May 1 (Bloomberg) -- KKR & Co., the private-equity firm run by billionaires Henry Kravis and George Roberts, is teaming up with a California money manager to create an investment vehicle designed to attract smaller investors.
The Altegris KKR Private Equity Master Fund will accept initial investments of as little as $10,000, according to a filing with the U.S. Securities and Exchange Commission. Altegris Advisors LLC will manage the new fund, investing at least 70 percent of its assets in private-equity funds and companies run by KKR, according to the registration statement.
Private-equity firms such as KKR and Carlyle Group LP, having traditionally relied on public and corporate pension funds and other institutions for the bulk of their capital, have been turning to individuals for more of their funding in recent years. KKR suffered a setback in February, when the firm closed down two funds targeting individual investors after receiving only $33 million in capital from outside investors after more than a year.

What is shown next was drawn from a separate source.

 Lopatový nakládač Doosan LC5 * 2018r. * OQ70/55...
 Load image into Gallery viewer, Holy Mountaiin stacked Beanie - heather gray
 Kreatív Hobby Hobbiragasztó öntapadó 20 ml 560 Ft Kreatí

The Altegris fund “will offer broad exposure to private equity investments for accredited investors who have not previously had access to investment funds managed by top-tier private-equity firms,” according to the filing. Its structure is “intended to alleviate” burdens of directly investing in buyout funds.
Private-equity funds have mainly been open to so-called qualified purchasers, defined as individuals who have $5 million of investments or institutions that have $25 million. In contrast, the Altegris fund will be open to accredited investors, the term for people with a net worth exceeding $1 million, excluding their principal residence.

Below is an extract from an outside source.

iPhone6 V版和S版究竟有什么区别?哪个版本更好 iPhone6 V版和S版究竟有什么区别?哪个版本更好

Carlyle took a similar approach in 2012, teaming up with Central Park Advisers LLC to create a closed-end fund that would invest in funds run by the Washington-based private-equity firm. CPG Carlyle Private Equity Fund was also available to accredited investors, with a minimum investment initially set at $50,000.

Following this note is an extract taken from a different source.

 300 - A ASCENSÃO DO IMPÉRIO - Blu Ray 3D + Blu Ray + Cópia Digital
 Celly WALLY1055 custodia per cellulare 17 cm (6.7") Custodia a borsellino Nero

Individual investors are significantly underinvested in alternative assets such as private equity, Blackstone Group LP Chairman Steve Schwarzman said this week at the Milken Institute Global Conference in Beverly Hills, California.
“The stuff we do, the alternative class, tends to make around 1,000 basis points more than the stock market,” Schwarzman said in an interview with Bloomberg Television’s Erik Schatzker and Stephanie Ruhle. The average institution might have 20 to 25 percent in alternative investments while the average individual investor has 2 percent on average, he said.
The Altegris fund filed to sell shares at $10 each and is seeking to raise at least $25 million. The fund will primarily allocate its capital to buyout and special situation funds, with the latter term referring to vehicles that make loans and invest in distressed debt. It will primarily invest in newly created KKR funds, while allocating some of its assets to the purchase of interests in existing funds from other investors.
Altegris, which had about $1.2 billion in mutual fund assets under management at the end of last year, is partially owned by private-equity funds run by Jeffrey Greenberg’s Aquiline Capital Partners LLC. KKR is not a sponsor, promoter, or adviser to the new fund, which will seek to raise at least $25 million before starting up.